Exactly the lines from the one with "Liệt kê các" through the end of the records below are needed, minus any pictures.

Brief descriptive captions
====

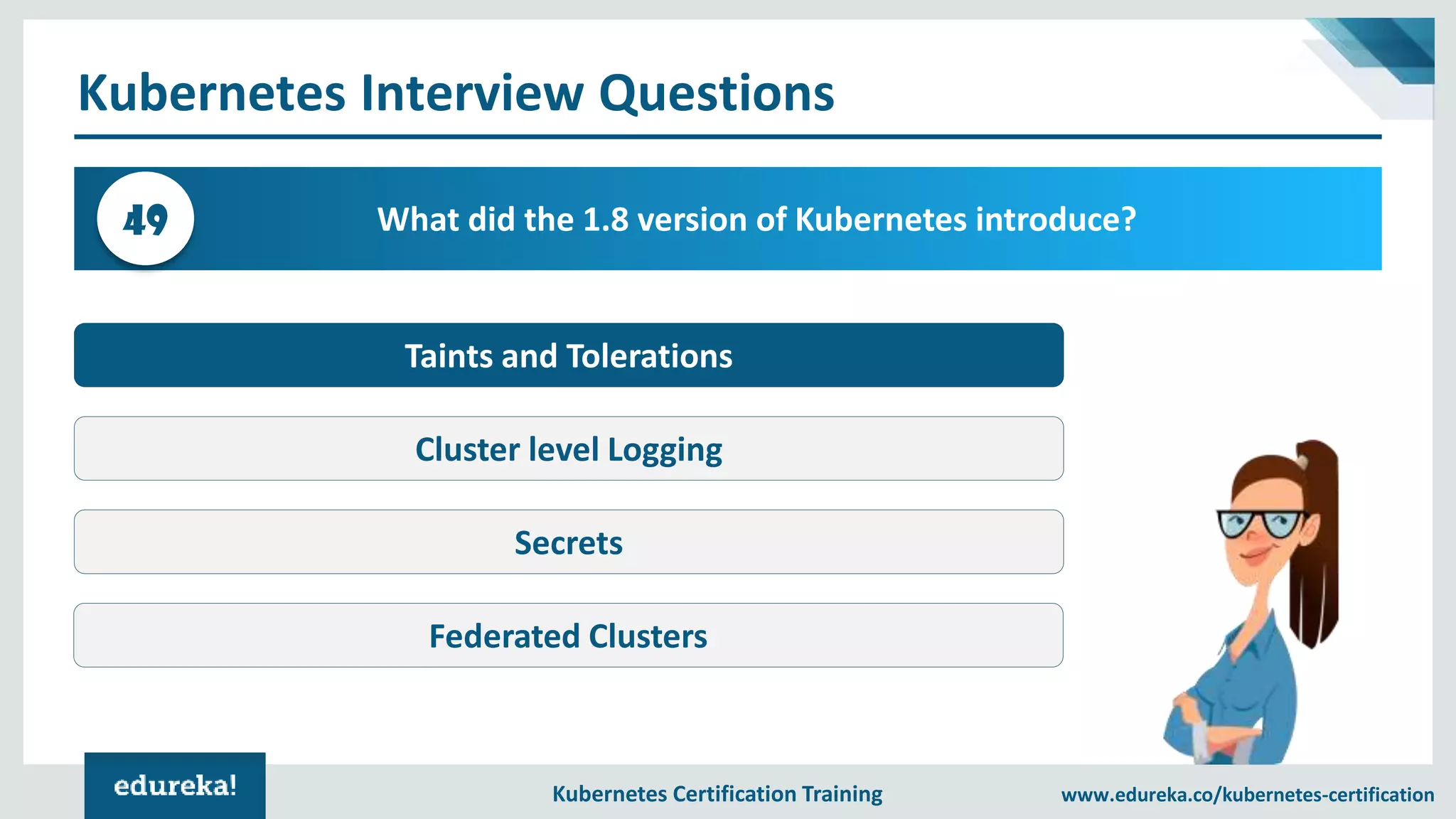 Kubernetes Certification Training www.edureka.co/kubernetes-certification Kubernetes Interview Questions What did the 1.8 version of Kubernetes introduce?49 Taints and Tolerations Cluster level Logging Secrets Federated Clusters 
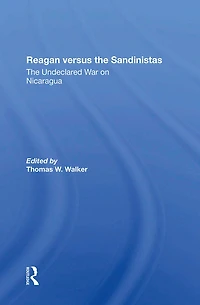 Reagan Versus The Sandinistas: Undeclared War On Nicaragua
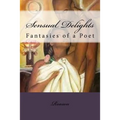 Sensual Delights: Fantasies of a Poet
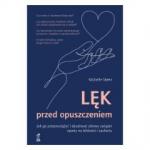 LĘK PRZED OPUSZCZENIEM Jak go przezwyciężyć i zbudować zdrowy związek oparty na bliskości i zaufaniu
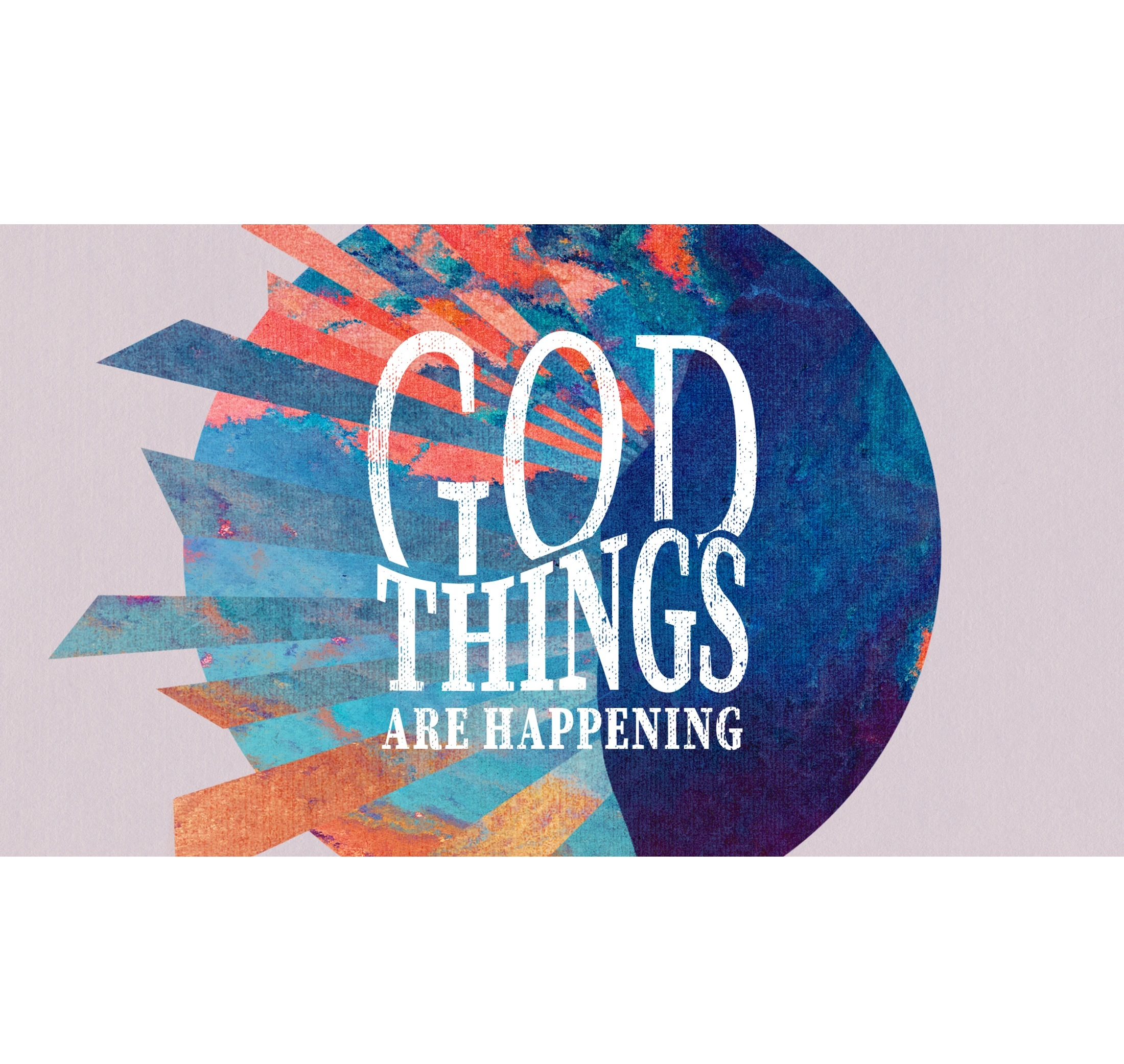 Embracing God Things Pt 2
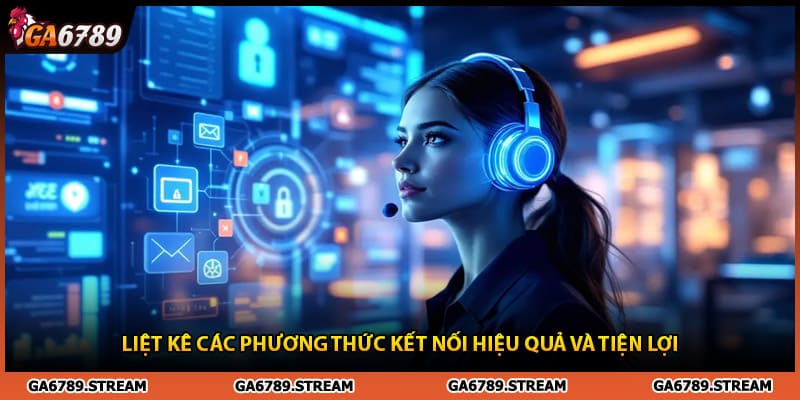 Liệt kê các phương thức liên hệ Ga6789 siêu tiện lợi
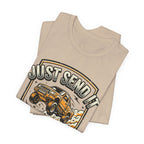Just Send It T-Shirt
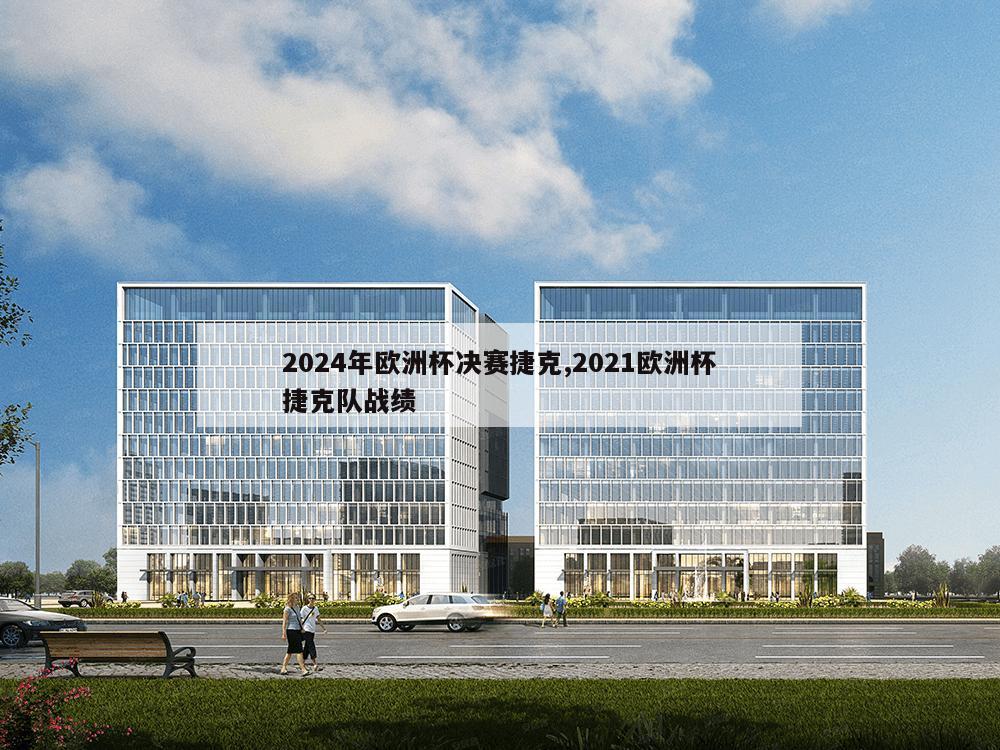 2024年欧洲杯决赛捷克,2021欧洲杯捷克队战绩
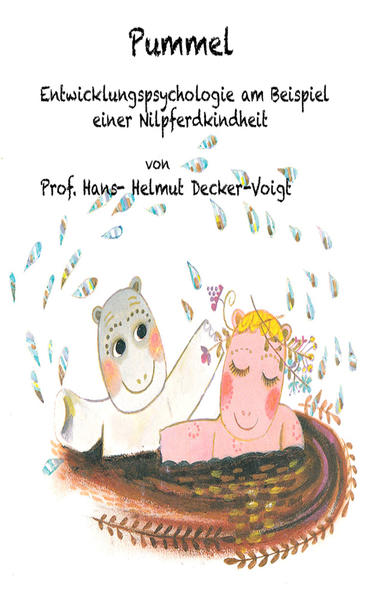 Pummel - Entwicklungspsychologie am Beispiel einer Nilpferd Kindheit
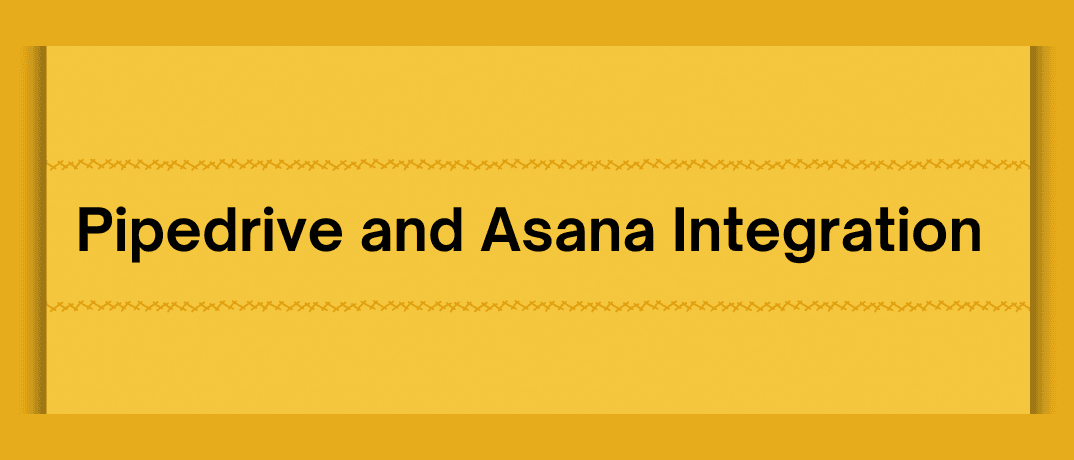 Pipedrive and Asana Integration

====

SOLUTION TO THE EXERCISE:
 Liệt kê các phương thức liên hệ Ga6789 siêu tiện lợi
Just Send It T-Shirt
 2024年欧洲杯决赛捷克,2021欧洲杯捷克队战绩
 Pummel - Entwicklungspsychologie am Beispiel einer Nilpferd Kindheit
 Pipedrive and Asana Integration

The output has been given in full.